Pour l'horlogerie de prestige, si les pièces récentes sont recherchées, les montres bracelets plus anciennes, à partir des années 1925, connaissent également des prix soutenus.

A plus court terme, la joaillerie peut-elle rivaliser avec l'or d'investissement, que nous considérons actuellement comme l'un des meilleurs moyens pour préserver son capital dans la présente crise ?

Le bilan n'est guère enthousiasmant. Seuls quelques bijoux massifs (gourmettes, porte-cigarettes, etc.) ont pu suivre, ces derniers temps, la bonne tenue du métal précieux. Les pièces de joaillerie les plus onéreuses comprennent généralement des pierres précieuses, dont le prix a fortement baissé avec la crise. A Anvers, le cours du carat dévisse. L'indice PolishedPrices des diamants a ainsi chuté de plus de 135 points à mi-2008, pour atteindre 111 ces derniers jours.

Aucune amélioration n'est envisagée à court terme, malgré la diminution probable de la production. Les montres de luxe ne sont pas logées à meilleure enseigne. Le marché du neuf s'est contracté de moitié ces derniers mois. Les échanges, en vente publique, font apparaître une chute moyenne des prix de plus de 15% pour les montres de collection. La grave récession actuelle ne profite donc guère à la joaillerie.

Des bijoux de famille contre l'inflation
Tout espoir n'est pour autant, à terme, pas perdu. La création monétaire débridée de nos grands argentiers et le recours à la planche à billets vont probablement engendrer une inflation galopante. Ce type de configuration s'avère des plus propices à l'envolée des objets précieux. Les années 1970-1980 avaient ainsi vu le prix des bijoux exploser et la valeur de certaines gemmes parfois multipliées par dix ou plus.

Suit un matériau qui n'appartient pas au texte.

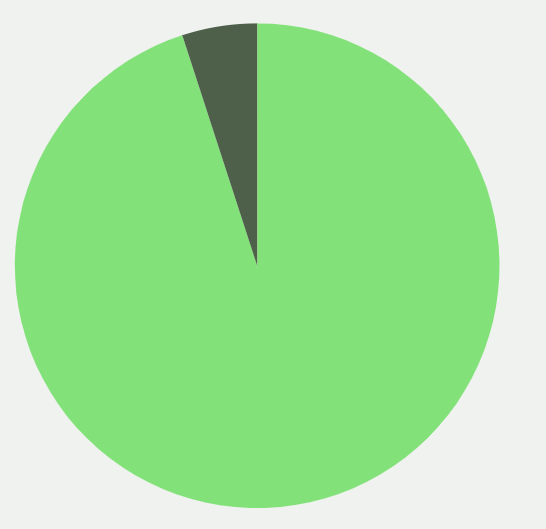 open my world chart 27.png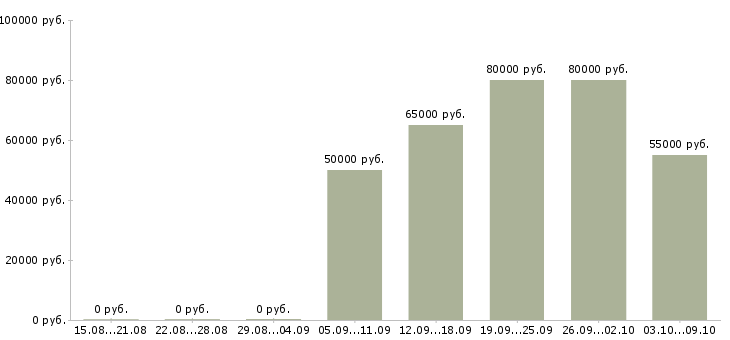 Вакансии риелтор по вторичной недвижимости Санкт-петербург - Медиана зарплат риелтор по вторичной недвижимости Санкт-петербург за 2 месяца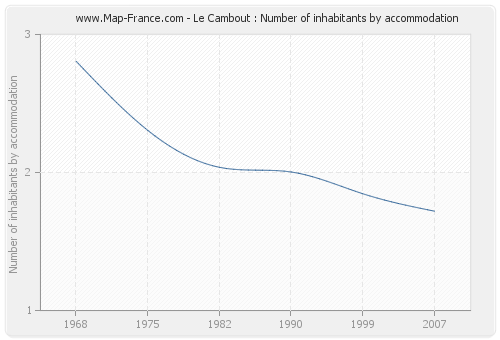 Le Cambout : Number of inhabitants by accommodation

Encore faut-il savoir bien acheter. L'envolée des pierres précieuses, il y a une trentaine d'années, avait, au contraire, suscité la déconfiture de nombreux épargnants piégés dans des diamants hors de prix vendus par certaines officines.

En dehors de ces cas litigieux, il faut cependant prendre en compte le véritable fossé qui existe entre le prix d'achat d'un bijou neuf et sa valeur lors d'une revente d'occasion, et ce, malgré l'apparition, en ce domaine également, de distributeurs low cost ou de l'explosion du commerce en ligne.

La différence reste en effet considérable : un bijou se revend ainsi fréquemment entre 50% et 75% plus bas que sa valeur à l'état neuf. En vente publique, les prix sont certes moins élevés, mais le différentiel entre un objet acheté aux enchères et revendu par ce même canal se situe, compte tenu des frais relatifs aux ordres d'achat et de vente, entre 30 et 40%. Ces frais à la base obèrent lourdement la rentabilité d'une telle opération et les commissions sur l'or, même physique, s'avèrent incontestablement plus économiques.

Sur le plan strictement financier, l'or semble beaucoup plus à même de générer, dans la période présente, de solides plus-values et constitue un investissement moins risqué. Mais bijoux et montres forment une dépense plaisir, qui conserve, au moins partiellement, sa valeur avec le temps. De tels investissements trouvent largement leur place, à titre de diversification, dans une bonne stratégie patrimoniale de long terme.